Brief: Please write out only the lines running from the one with "Marlo beige and black cap" through the last line of the listing, each exactly as given.

Dataset records:
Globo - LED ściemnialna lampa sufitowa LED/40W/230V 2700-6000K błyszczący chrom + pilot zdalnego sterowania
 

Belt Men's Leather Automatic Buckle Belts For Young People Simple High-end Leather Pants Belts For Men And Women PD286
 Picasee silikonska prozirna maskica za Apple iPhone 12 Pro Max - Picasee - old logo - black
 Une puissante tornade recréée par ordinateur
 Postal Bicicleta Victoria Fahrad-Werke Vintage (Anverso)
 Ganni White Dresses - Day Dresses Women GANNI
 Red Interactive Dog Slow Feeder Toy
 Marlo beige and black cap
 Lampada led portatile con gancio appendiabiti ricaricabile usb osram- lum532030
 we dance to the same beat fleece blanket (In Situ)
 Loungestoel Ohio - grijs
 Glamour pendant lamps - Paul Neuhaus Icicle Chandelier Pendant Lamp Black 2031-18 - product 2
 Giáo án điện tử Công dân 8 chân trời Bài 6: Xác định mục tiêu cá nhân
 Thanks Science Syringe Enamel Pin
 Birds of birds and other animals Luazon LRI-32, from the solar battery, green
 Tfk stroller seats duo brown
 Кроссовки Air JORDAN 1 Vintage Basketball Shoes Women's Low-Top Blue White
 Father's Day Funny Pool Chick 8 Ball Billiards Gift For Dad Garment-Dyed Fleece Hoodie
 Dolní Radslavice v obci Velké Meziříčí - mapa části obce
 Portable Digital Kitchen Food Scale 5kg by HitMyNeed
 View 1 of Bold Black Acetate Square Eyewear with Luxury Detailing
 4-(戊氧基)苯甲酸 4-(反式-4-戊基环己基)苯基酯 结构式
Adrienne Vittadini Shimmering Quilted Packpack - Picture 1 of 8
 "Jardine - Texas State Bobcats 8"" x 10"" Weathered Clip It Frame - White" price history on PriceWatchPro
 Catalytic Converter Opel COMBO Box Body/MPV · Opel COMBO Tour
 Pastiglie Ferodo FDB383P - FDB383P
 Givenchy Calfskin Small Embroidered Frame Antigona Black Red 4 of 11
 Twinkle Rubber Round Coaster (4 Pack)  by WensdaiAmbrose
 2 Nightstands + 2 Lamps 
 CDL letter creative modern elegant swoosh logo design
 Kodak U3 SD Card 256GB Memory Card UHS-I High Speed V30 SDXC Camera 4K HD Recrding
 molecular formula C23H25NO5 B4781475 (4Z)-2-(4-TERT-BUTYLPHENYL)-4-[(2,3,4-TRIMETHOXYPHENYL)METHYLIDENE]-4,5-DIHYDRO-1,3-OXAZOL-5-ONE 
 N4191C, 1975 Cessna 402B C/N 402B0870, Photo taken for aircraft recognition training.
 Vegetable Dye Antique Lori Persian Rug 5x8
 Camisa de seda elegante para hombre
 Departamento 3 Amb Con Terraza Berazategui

Answer to this task:
 Marlo beige and black cap
 Lampada led portatile con gancio appendiabiti ricaricabile usb osram- lum532030
 we dance to the same beat fleece blanket (In Situ)
 Loungestoel Ohio - grijs
 Glamour pendant lamps - Paul Neuhaus Icicle Chandelier Pendant Lamp Black 2031-18 - product 2
 Giáo án điện tử Công dân 8 chân trời Bài 6: Xác định mục tiêu cá nhân
 Thanks Science Syringe Enamel Pin
 Birds of birds and other animals Luazon LRI-32, from the solar battery, green
 Tfk stroller seats duo brown
 Кроссовки Air JORDAN 1 Vintage Basketball Shoes Women's Low-Top Blue White
 Father's Day Funny Pool Chick 8 Ball Billiards Gift For Dad Garment-Dyed Fleece Hoodie
 Dolní Radslavice v obci Velké Meziříčí - mapa části obce
 Portable Digital Kitchen Food Scale 5kg by HitMyNeed
 View 1 of Bold Black Acetate Square Eyewear with Luxury Detailing
 4-(戊氧基)苯甲酸 4-(反式-4-戊基环己基)苯基酯 结构式
Adrienne Vittadini Shimmering Quilted Packpack - Picture 1 of 8
 "Jardine - Texas State Bobcats 8"" x 10"" Weathered Clip It Frame - White" price history on PriceWatchPro
 Catalytic Converter Opel COMBO Box Body/MPV · Opel COMBO Tour
 Pastiglie Ferodo FDB383P - FDB383P
 Givenchy Calfskin Small Embroidered Frame Antigona Black Red 4 of 11
 Twinkle Rubber Round Coaster (4 Pack)  by WensdaiAmbrose
 2 Nightstands + 2 Lamps 
 CDL letter creative modern elegant swoosh logo design
 Kodak U3 SD Card 256GB Memory Card UHS-I High Speed V30 SDXC Camera 4K HD Recrding
 molecular formula C23H25NO5 B4781475 (4Z)-2-(4-TERT-BUTYLPHENYL)-4-[(2,3,4-TRIMETHOXYPHENYL)METHYLIDENE]-4,5-DIHYDRO-1,3-OXAZOL-5-ONE 
 N4191C, 1975 Cessna 402B C/N 402B0870, Photo taken for aircraft recognition training.
 Vegetable Dye Antique Lori Persian Rug 5x8
 Camisa de seda elegante para hombre
 Departamento 3 Amb Con Terraza Berazategui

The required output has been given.